**RECORDS SUPPLIED:**
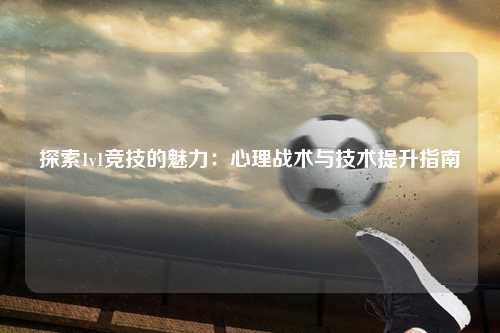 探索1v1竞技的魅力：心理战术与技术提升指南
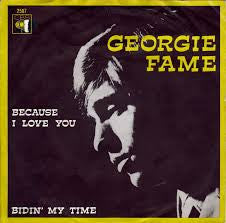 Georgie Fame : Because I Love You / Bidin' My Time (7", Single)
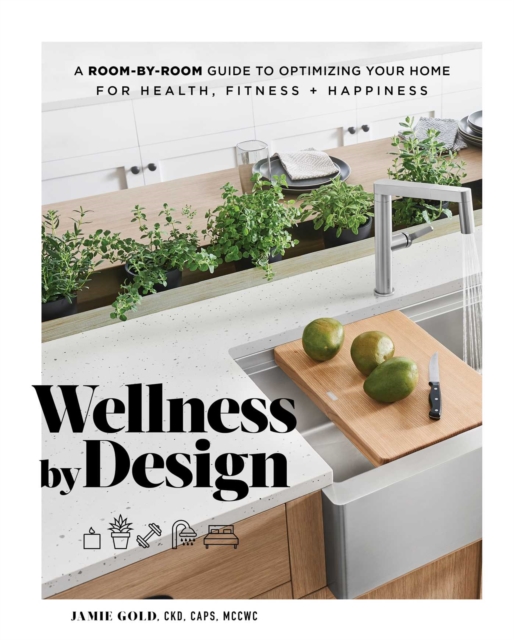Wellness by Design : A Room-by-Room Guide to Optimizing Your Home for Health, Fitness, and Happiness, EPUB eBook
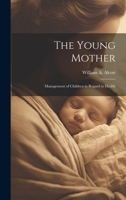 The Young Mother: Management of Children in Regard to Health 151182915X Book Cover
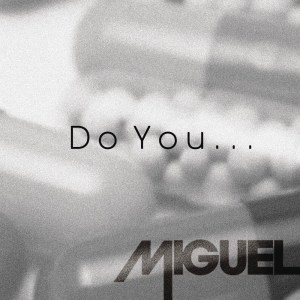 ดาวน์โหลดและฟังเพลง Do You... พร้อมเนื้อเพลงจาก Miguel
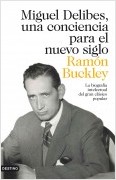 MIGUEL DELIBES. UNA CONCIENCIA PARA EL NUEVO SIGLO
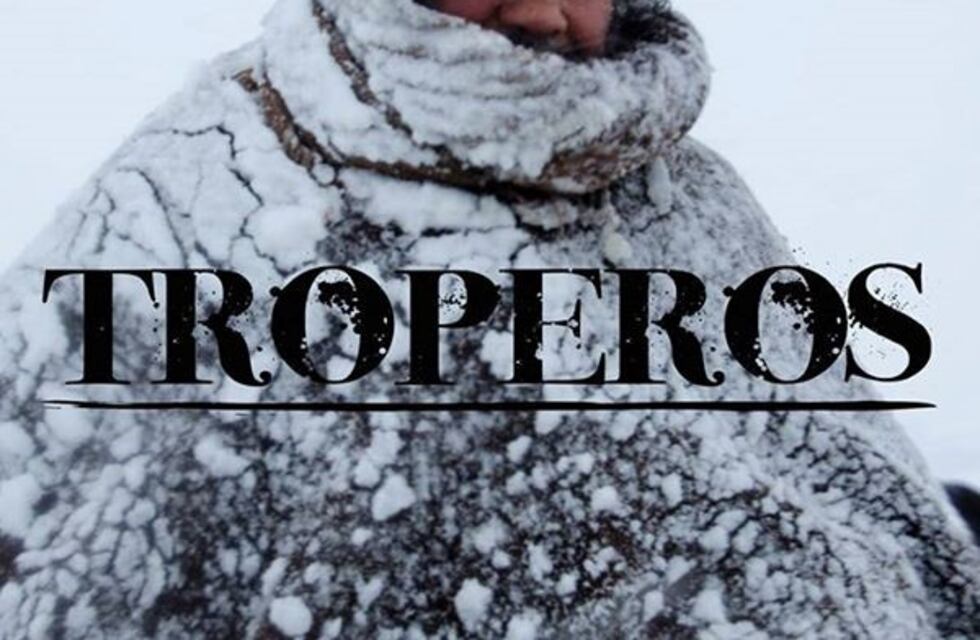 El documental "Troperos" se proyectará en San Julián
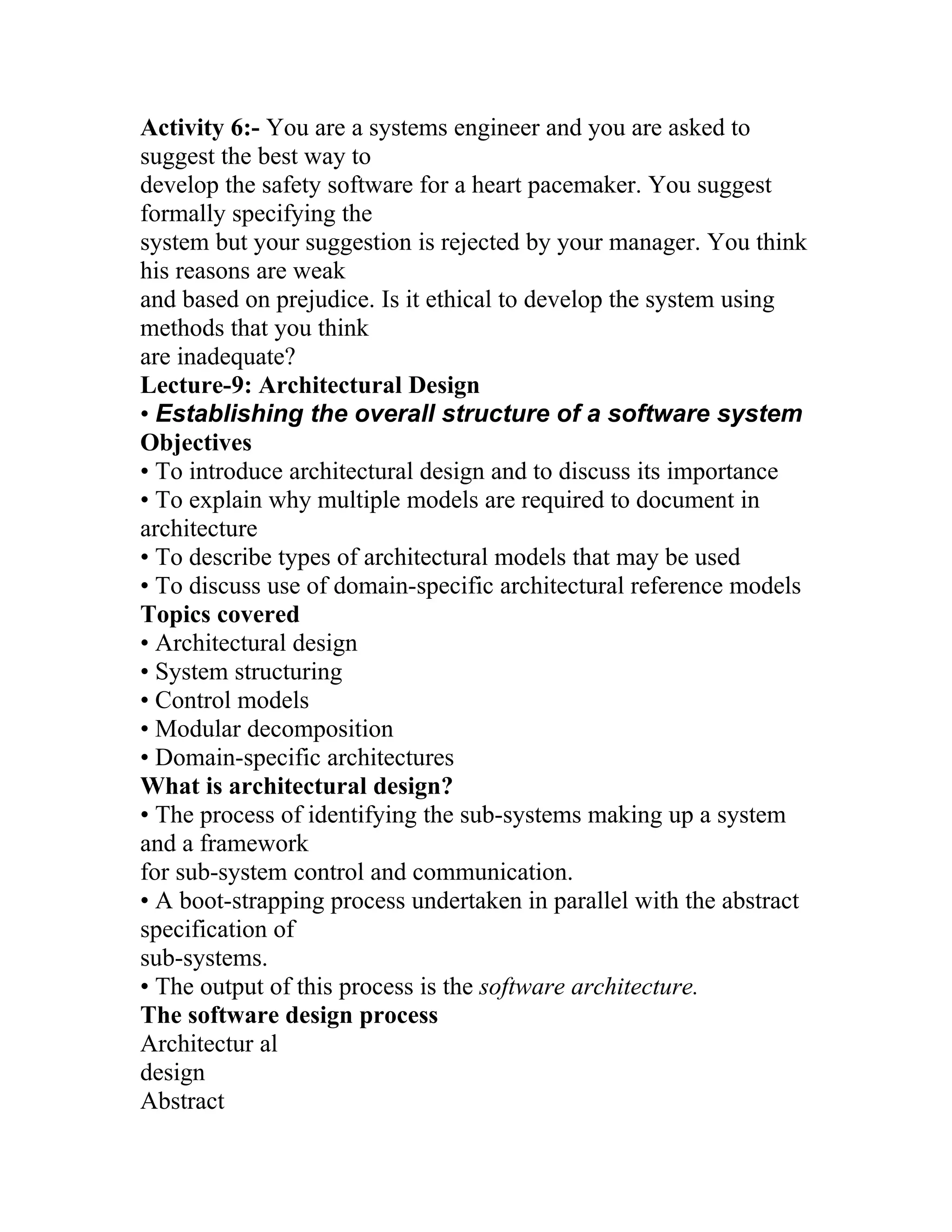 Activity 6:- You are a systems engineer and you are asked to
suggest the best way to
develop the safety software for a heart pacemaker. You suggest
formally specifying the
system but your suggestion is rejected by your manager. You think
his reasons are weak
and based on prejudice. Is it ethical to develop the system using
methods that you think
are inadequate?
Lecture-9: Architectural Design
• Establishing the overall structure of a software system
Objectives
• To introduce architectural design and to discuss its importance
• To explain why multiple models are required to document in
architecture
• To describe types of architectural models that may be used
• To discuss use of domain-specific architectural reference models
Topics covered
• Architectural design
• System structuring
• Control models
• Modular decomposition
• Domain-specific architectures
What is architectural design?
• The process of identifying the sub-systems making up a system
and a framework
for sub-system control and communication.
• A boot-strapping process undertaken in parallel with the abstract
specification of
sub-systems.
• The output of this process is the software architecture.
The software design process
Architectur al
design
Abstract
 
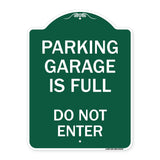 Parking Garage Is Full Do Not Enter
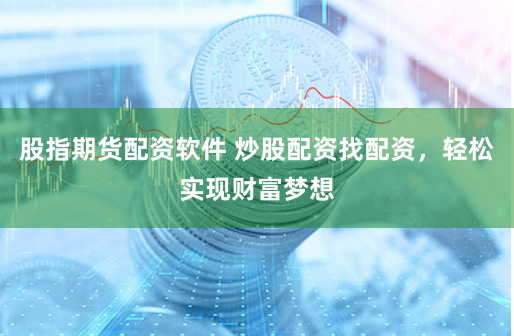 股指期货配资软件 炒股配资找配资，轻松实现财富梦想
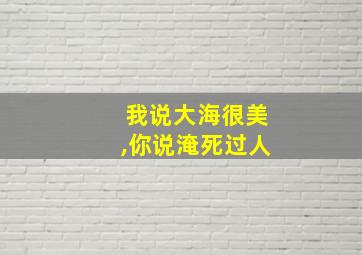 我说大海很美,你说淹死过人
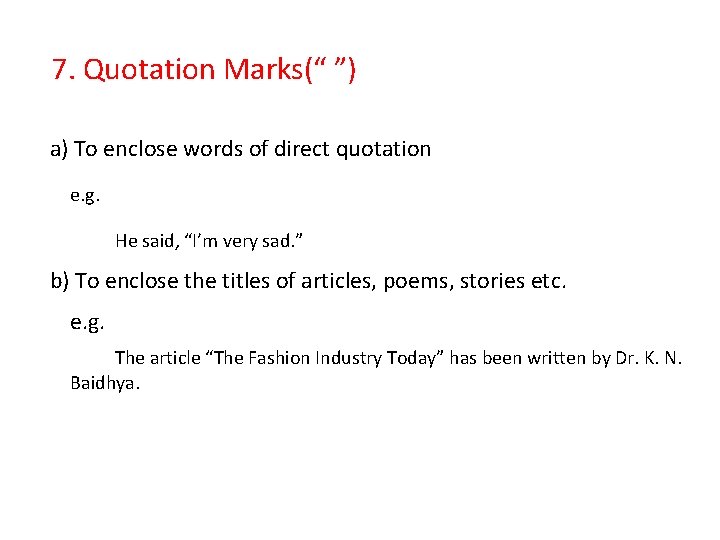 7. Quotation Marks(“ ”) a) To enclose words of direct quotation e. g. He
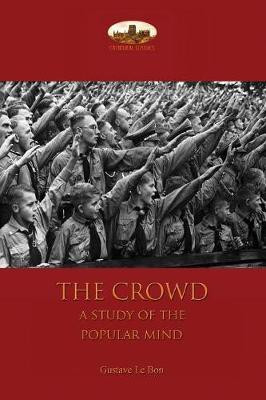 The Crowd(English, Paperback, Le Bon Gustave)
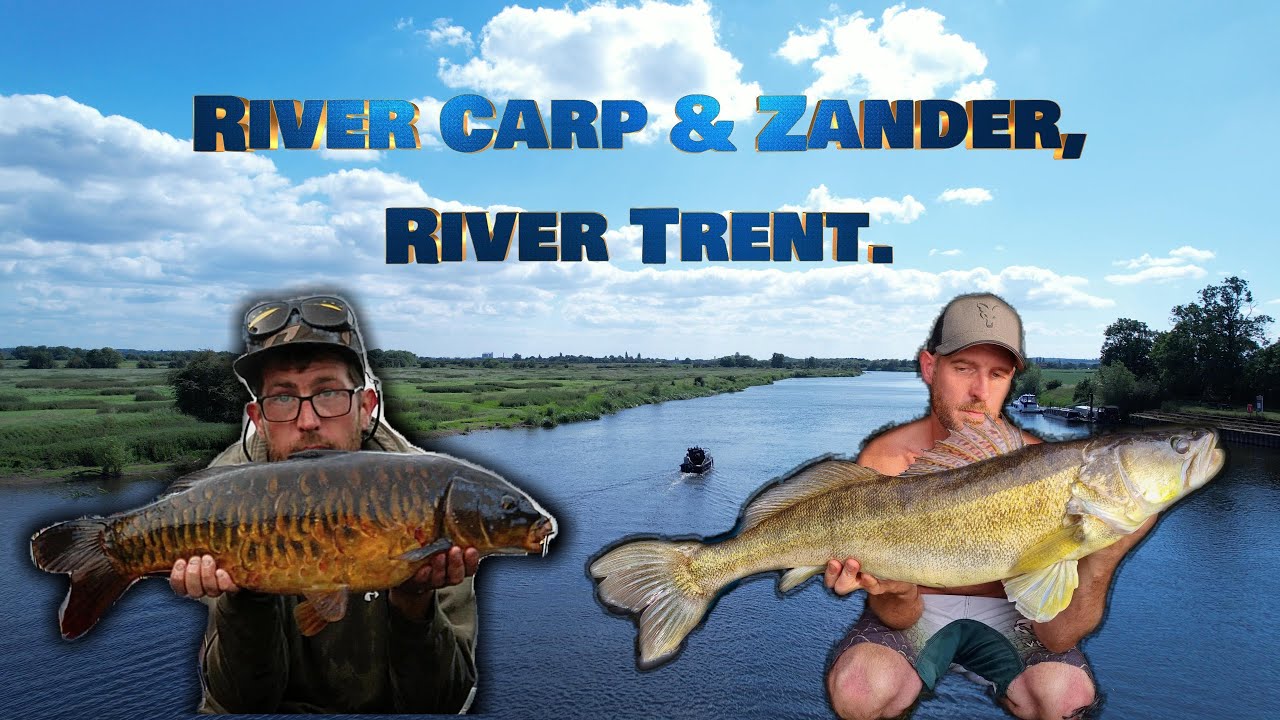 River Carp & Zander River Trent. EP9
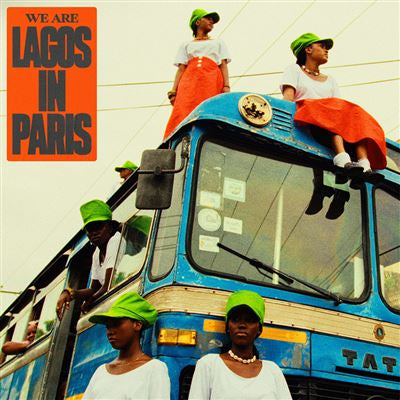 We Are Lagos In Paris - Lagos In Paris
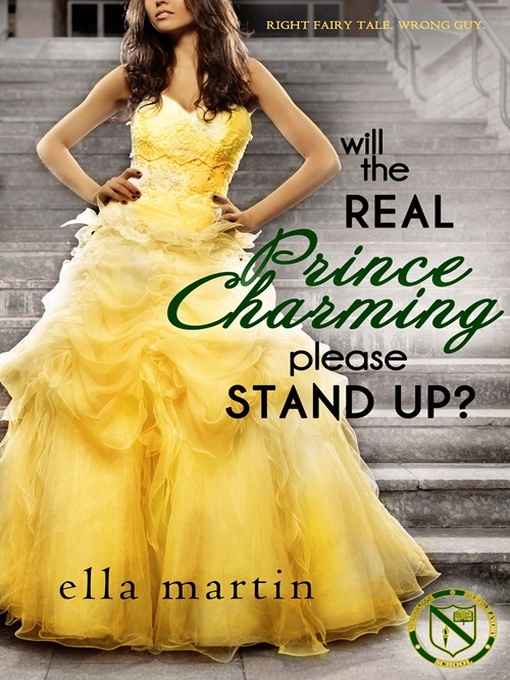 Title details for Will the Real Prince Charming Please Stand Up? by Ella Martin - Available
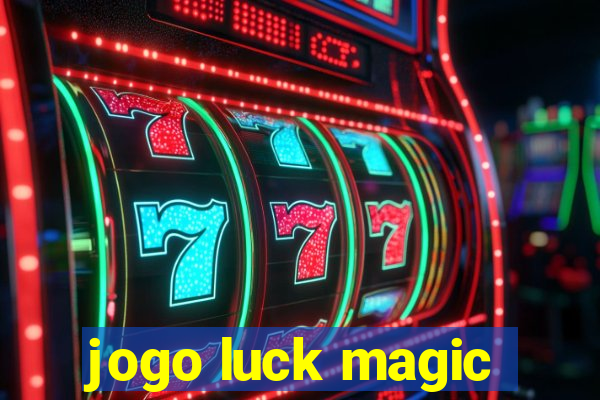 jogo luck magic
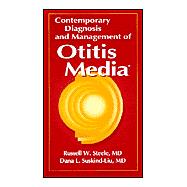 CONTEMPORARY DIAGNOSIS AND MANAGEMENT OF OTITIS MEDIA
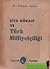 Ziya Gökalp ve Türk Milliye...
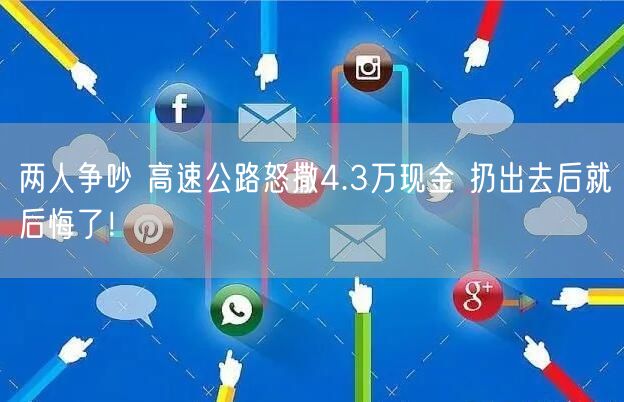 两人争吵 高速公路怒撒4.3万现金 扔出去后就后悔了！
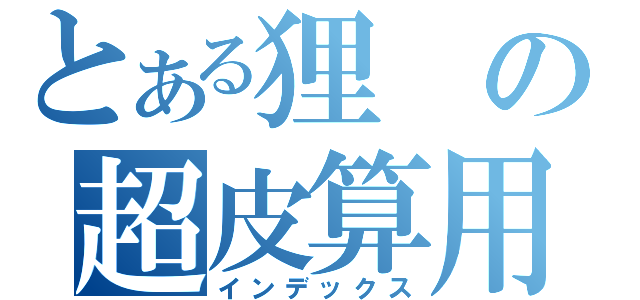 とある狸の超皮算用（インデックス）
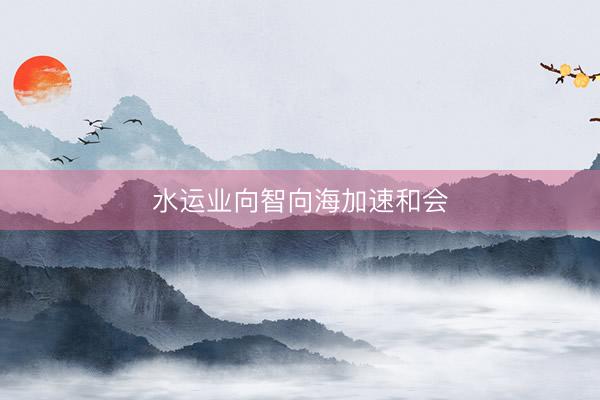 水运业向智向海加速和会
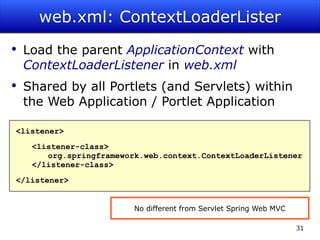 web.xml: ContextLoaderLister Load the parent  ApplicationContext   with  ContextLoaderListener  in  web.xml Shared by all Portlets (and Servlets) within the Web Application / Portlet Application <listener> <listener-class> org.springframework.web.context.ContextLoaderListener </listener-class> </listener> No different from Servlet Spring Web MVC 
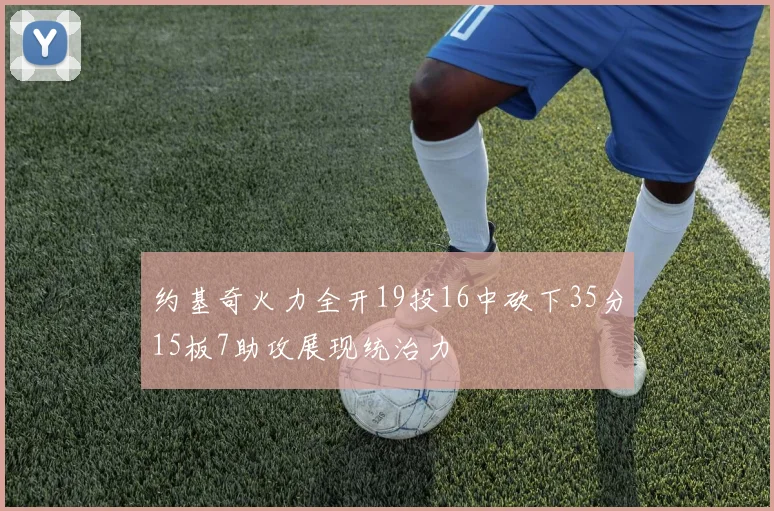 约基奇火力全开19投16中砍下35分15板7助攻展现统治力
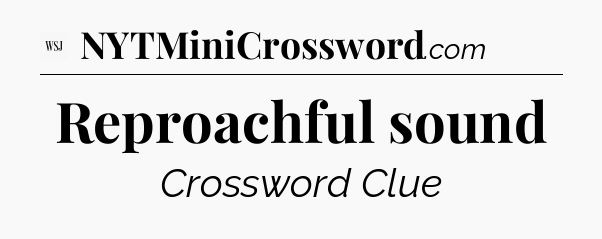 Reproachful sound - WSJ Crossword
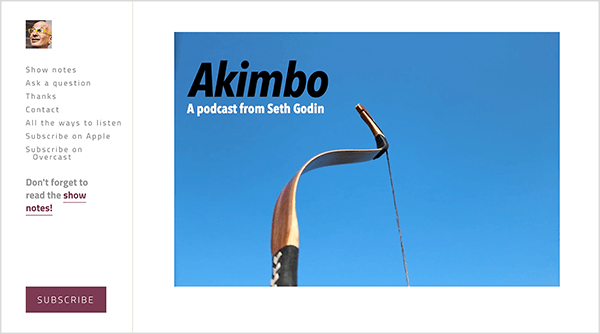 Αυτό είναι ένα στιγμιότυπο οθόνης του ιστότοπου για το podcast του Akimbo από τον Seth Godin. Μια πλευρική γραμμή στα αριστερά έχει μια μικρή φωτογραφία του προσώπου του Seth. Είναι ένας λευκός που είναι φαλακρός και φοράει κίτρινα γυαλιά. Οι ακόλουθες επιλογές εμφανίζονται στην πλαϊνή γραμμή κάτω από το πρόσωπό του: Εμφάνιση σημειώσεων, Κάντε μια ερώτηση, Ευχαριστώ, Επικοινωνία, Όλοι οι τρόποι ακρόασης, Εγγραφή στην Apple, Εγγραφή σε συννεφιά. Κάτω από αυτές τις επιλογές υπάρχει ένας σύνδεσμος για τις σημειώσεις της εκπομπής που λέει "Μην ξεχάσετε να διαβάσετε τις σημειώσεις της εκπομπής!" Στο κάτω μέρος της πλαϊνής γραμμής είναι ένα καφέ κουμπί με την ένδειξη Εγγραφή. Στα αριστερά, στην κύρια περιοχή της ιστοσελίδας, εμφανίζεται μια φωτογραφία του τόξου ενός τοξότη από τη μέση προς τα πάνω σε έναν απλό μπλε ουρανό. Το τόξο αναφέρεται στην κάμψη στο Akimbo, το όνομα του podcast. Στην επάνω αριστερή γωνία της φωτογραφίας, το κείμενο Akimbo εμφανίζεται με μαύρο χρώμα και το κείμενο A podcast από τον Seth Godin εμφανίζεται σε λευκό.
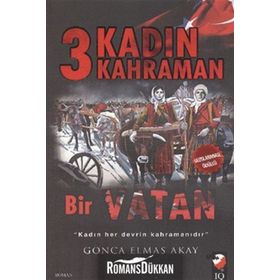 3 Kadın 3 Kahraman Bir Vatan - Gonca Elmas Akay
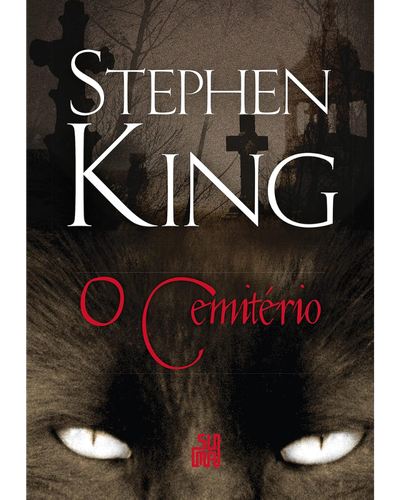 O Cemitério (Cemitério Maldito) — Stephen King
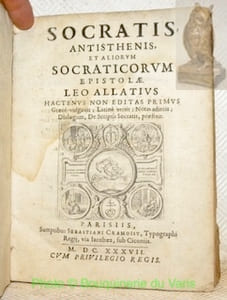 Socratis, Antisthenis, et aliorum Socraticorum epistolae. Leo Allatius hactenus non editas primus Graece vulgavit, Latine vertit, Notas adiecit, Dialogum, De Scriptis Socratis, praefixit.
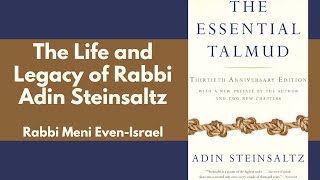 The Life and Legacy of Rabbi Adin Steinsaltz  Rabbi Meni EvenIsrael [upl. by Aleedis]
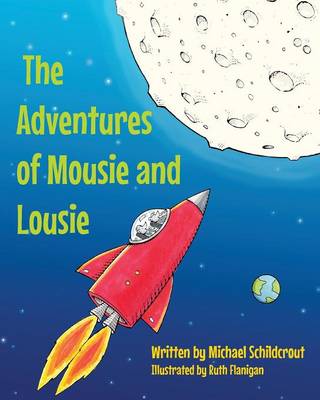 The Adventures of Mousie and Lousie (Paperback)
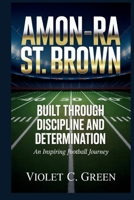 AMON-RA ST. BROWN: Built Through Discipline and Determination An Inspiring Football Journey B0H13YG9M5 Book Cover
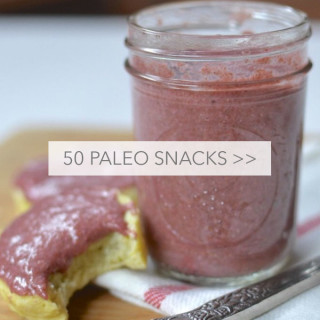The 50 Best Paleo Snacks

**YOUR INSTRUCTIONS:** Working from the entries above, reproduce exactly and only the lines beginning with the line that has "en San Julián" and ending with the line that has "methods that you think"; omit all pictures.

**RESPONSE AREA:**
 El documental "Troperos" se proyectará en San Julián
 Activity 6:- You are a systems engineer and you are asked to
suggest the best way to
develop the safety software for a heart pacemaker. You suggest
formally specifying the
system but your suggestion is rejected by your manager. You think
his reasons are weak
and based on prejudice. Is it ethical to develop the system using
methods that you think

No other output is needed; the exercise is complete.